In 2012, the ministry of environment gave environmental clearance to the Rs 6,400-crore 780-MW Nyamjang Chhu hydroelectric project. A 3km stretch of the Nyamjang Chhu (‘chhu’ means river in Monpa) between Brokenthang and Zemithang that comes under the project area is also a wintering site for the blacknecked crane. Officers in charge of the hydroelectric project had said there are few, if any, black-necked cranes to be seen in the valley.
The clearance was challenged by Save Mon Region Federation, a conservation group led by Buddhist lamas, at the National Green Tribunal, successfully. The Nyamjang Chhu project is one of 13 mega power proposed in Tawang. “The population of Tawang is about 49,000. We don’t need so many projects.

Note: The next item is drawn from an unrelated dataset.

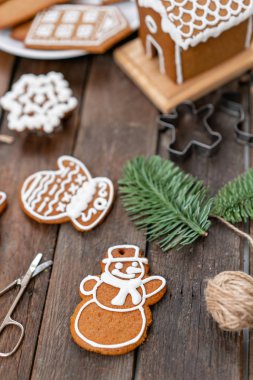 Kardan adam Noel kış sabahı şeklinde kurabiyeler. Kadın bal gingerbread çerezleri üzerinde buzlanma çizer. Ahşap kahverengi masa. kopya alanı.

These are meant to generate electricity to be sold outside, at the cost of our livelihoods and ecology,” Lobsang Gyatso, a lama and general secretary of SMRF, had told TOI in 2013.
In 2016, NGT suspended the environmental clearance given to the project and asked the environment ministry to conduct a study on its environmental impact. And it is this report on which the Monpas are counting on. “The survival of the wintering site depends on the WII report,” says Degin Dorjee, a teacher in Zemithang. “We don’t know what is in the WII report, we don’t know if it is complete or when it will be. We don’t know when the public hearing on the report will be held,” Dorjee added.
In 2016, Lobsang Gyatso was arrested after he said the Guru Tulku Rinpoche should not interfere with “hydropower politics” in Tawang. The Tulku Rinpoche is the spiritual head of the Mon region and abbot of the Tawang Monastery, the second largest Tibetan Buddhist monastery. Locally, it was perceived that he was in favour of the dam. Days later, several anti-dam protesters stormed the Tawang police station and demanded Gyatso’s release. Police opened fire and a monk and a civilian were killed.
Hydel projects have begun disrupting local culture and ecology, said protesters. Two hydropower projects on the Tawang river – the 600-MW Tawang I project and the 800-MW Tawang II project – have been proposed on areas considered sacred by the Buddhists. “The barrage of Tawang I project will affect a site where Guru Padmasambhava’s meditation chair was carved out of a rock,” said an SMRF activist. Padmasambhava was an 8th century spiritual leader who is believed to have visited and consecrated a site about 45 km from Tawang town. “Besides, there is a sacred site, Tongsheng, which we fear will be hit by the Tawang-I. Similarly, the Tawang-II project will affect a sacred site called Shangkya,” the activist added.
Both Tawang I and II projects got environmental clearance in 2011, but the final forest clearance is pending. The Tawang-II project is also an important habitat for the red panda, categorised as ‘endangered’ in the IUCN Red List of Threatened Species. The hill state has a hydropower generation potential of 46,806 MW. Government-backed discussions often refer to cultural and environmental concerns as “roadblocks”. In September, the Standing Committee of the National Board of Wildlife (NBWL) cleared the 1,750-sMW Demwe hydropower project over the Lohit river.
“The NBWL did not take into account the threat posed by the project to the sacred Parashuram Kund, located close the dam site,” said Biman Gogoi, an environment activist who moved the NGT in 2017 against the project, following which the forest clearance was suspended.
Parashuram Kund, which about 2 lakh Hindu pilgrims visit annually during Makar Sankranti, is barely 800m from the proposed project site. In addition to the religious significance, the area is very close to the Kamlang Sanctuary in Arunachal Pradesh while the Dibru-Saikhowa National Park and Biosphere Reserve in Assam is located in the downstream area.